Security breaches and service interruptions have been abundant in the news over the past year. As the leader of your growing technology organization, you need to take steps early to ensure that your customer data is safe and service continuity is maintained. Leakage of sensitive data or a site outage due to an attack can quickly become an overwhelming issue. In this post, I’ll outline a set of activities that should encompass a basic security program. This is geared towards a small to mid-sized team (less than 30 engineers), supporting an application delivered over the Internet.
If you store or process credit card information through your application, you may already be familiar with PCI standards. The PCI Security Standards Council is a body of companies from the payments industry.
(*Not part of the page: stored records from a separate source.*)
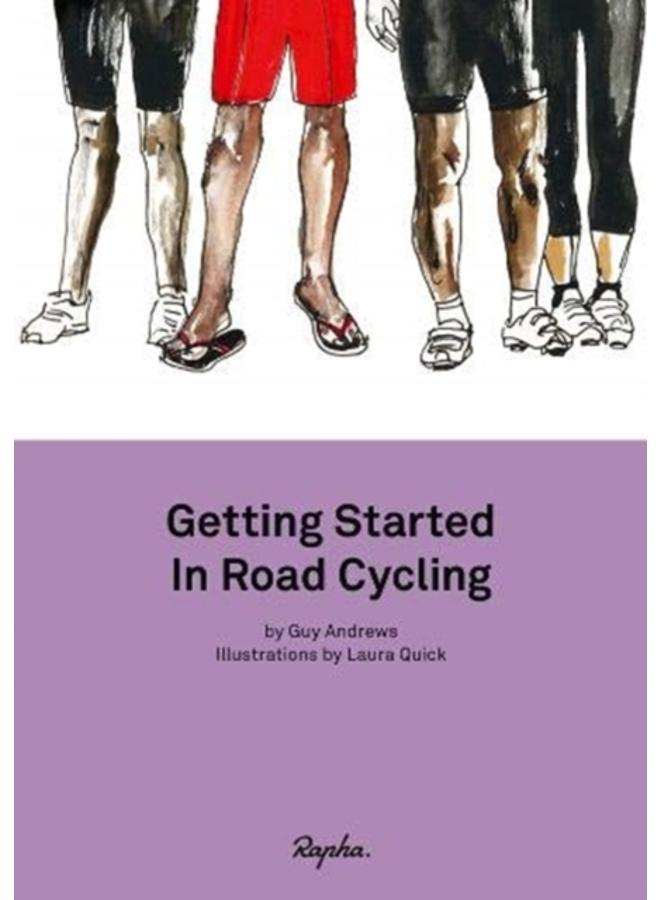 Getting Started in Road Cycling : Handbook 1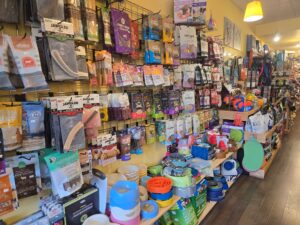 Find natural dog treats at heidi in Longueuil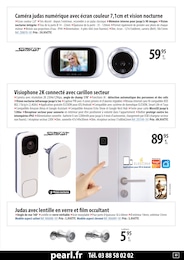 Offre Film dans le catalogue PEARL du moment à la page 83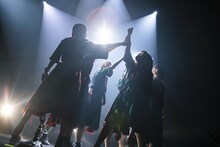 BiSH（撮影：外林健太）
They maintain a standard, called the PCI Data Security Standard (PCI DSS), which details security related requirements in order to achieve compliance for processing credit card data. At Zoosk, we maintained a PCI level 2 compliance. I found the PCI DSS to be a useful reference for structuring a security program. Whether or not you have to be PCI compliant, the PCI DSS details many industry best practices to secure sensitive data. In the event you are breached, if you followed PCI DSS, it is fair to claim that you implemented reasonable security practices. I recommend reading through the spec. Where you see references to cardholder data, simply replace that with what you consider to be your set of sensitive customer data.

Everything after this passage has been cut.